By combining the decorrelation filter and the carrier filter into a
hybrid filter, some of the unintended distortions may be reduced.
In particular, when the audio content is reproduced over
headphones, the externalization may be improved while the timbre is
substantially preserved. In addition, memory and processor load
required by the audio processing system may be reduced.
The decorrelation method 200 begins by generating at least two
prototype decorrelation filters (202) which, when applied, achieve
a desired degree of decorrelation. The phase responses of the
prototype decorrelation filters are then warped and scaled with a
frequency-dependent weighting (204). Each of the warped
decorrelation filters are then mixed with at least one carrier
filter (206) to produce a hybrid filter. Depending on the type of
carrier signal processing and input audio signal, multiple pairs of
decorrelation filters and carrier filters may be mixed. The
resulting hybrid filters may then perform both decorrelation and
carrier signal processing on an audio signal (208) without needing
separate decorrelation and carrier filters.
FIG. 3 illustrates an embodiment of a decorrelation system that
utilizes a hybrid filter 302. In contrast to the conventional
systems of FIGS. 1A and 1B, the decorrelation system of FIG. 3
performs both decorrelation and carrier signal processing on an
input audio signal 304 using a hybrid filter 302. The hybrid filter
302 applies decorrelation at the same time as the carrier signal
processing, then outputs an output audio signal 306. The output
audio signal 306 may then be transmitted to an audio reproduction
system or other audio processing system. The audio reproduction
system generates audible audio signals from the output audio signal
306 by utilizing well known reproduction techniques. The audible
audio signals may be generated by any transducer devices, such as
loudspeakers, headphones, earbuds, and the like.
Similar to the audio processing system of FIGS. 1A and 1B, the
carrier signal processing of FIG. 3 may include spatial processing
using HRTFs, BRIRs, or other spatial processing techniques.
Alternatively or in addition, the carrier signal processing may
include upmix or downmix processing to change the number of output
channels in the output audio signal 306.
By folding decorrelation into the carrier signal processing, the
hybrid filter 302 requires less memory and processor load than the
filters shown in FIGS. 1A and 1B. The combination of decorrelation
and carrier signal processing may be applied using no more memory
and processor load than required by the carrier signal processing
alone. In addition, the decorrelation and carrier signal processing
may be integrated together in such a way as to reduce unintended
distortions and to better preserve a desired timbre of the output
audio signal 306.
FIG. 4 illustrates an embodiment of a method 400 for generating a
pair of prototype decorrelation filters. The prototype
decorrelation filters are designed to have
"neutral-timbre"--meaning the decorrelation filters introduce
minimal changes to the timbre of the decorrelated audio signals. In
conventional decorrelation filter design, a randomized phase
response is computed directly in the frequency domain, combined
with weights based on a target correlation coefficient C, and the
magnitude response is normalized to unity. This conventional method
may introduce timbral changes in the decorrelated audio signal, and
the amount of decorrelation may vary significantly from the target.
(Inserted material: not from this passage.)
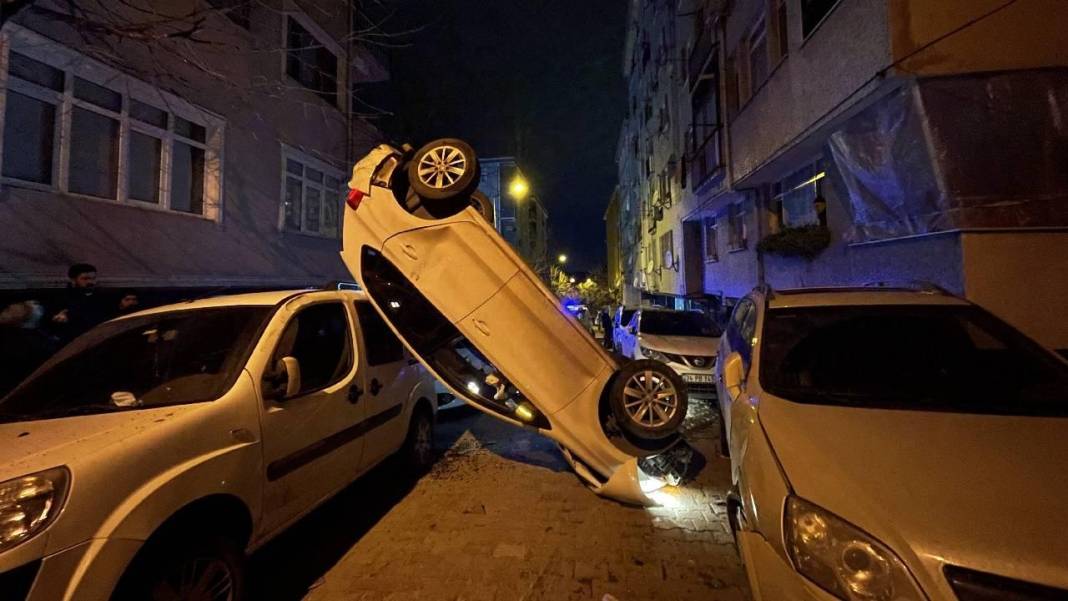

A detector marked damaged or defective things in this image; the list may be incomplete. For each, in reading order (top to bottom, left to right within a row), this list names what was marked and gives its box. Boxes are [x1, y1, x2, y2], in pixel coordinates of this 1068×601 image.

overturned white car [343, 139, 692, 503]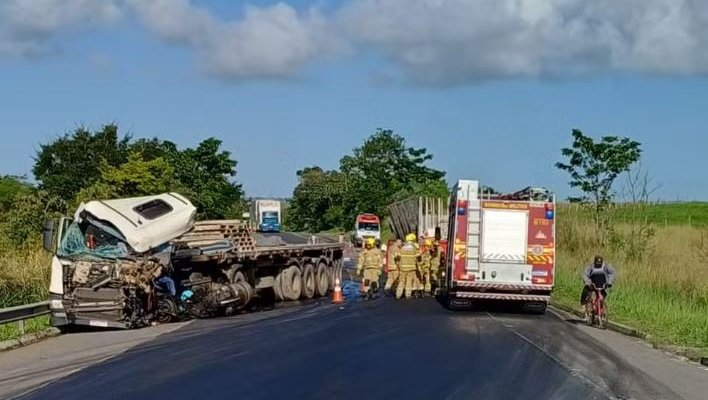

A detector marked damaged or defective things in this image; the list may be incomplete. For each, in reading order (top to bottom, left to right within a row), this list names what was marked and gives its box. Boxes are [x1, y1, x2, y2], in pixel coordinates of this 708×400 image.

damaged truck cab [43, 192, 342, 330]
overturned truck [42, 192, 344, 330]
In accordance with a particular embodiment of the present
invention, it was found that a closer match to the target
correlation coefficient, with neutral-timbre, may be obtained by
computing random time-domain samples and converting them to the
frequency-domain for phase manipulation. The frequency-domain
signals are then calculated based on the target correlation
coefficient C, and normalized.
More specifically, the pair of prototype decorrelation filters are
generated as shown in FIG. 4. First, two random sequences of
numbers, R1(n) and R2(n), are generated (402). The sequences R1(n)
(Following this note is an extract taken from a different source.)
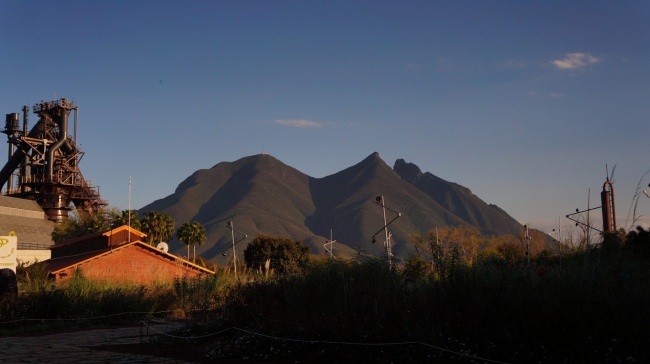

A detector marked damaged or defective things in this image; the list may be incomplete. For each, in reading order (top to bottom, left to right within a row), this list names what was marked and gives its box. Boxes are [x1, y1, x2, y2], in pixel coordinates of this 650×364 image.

rusty steel structure [1, 98, 105, 222]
and R2(n) each have a length N, and the values of the numbers range
between -1 and 1. The sequences may be generated using traditional
random number generation techniques, and preferably utilize a
Gaussian or other similar distribution. The sequences R1(n) and
R2(n) are then converted into their frequency domain versions R1
and R2 using a fast Fourier transform (FFT) (404). Optionally, the
magnitude of R1 and R2 may be normalized to unity. Filters F1 and
F2 are then generated from the frequency domain versions R1 and R2
(406). The filters F1 and F2 are dependent upon the amount of
correlation desired in the resulting prototype decorrelation
filters. The first filter F1 is used as an anchor and the second
filter F2 is varied based on the target correlation coefficient C,
having a value between -1 and 1. If C>0, then F1=R1 and
F2=(1-C)*R2+C*R1. If C<0, then F1=R1, and F2=(1-|C|)*R2-|C|*R1.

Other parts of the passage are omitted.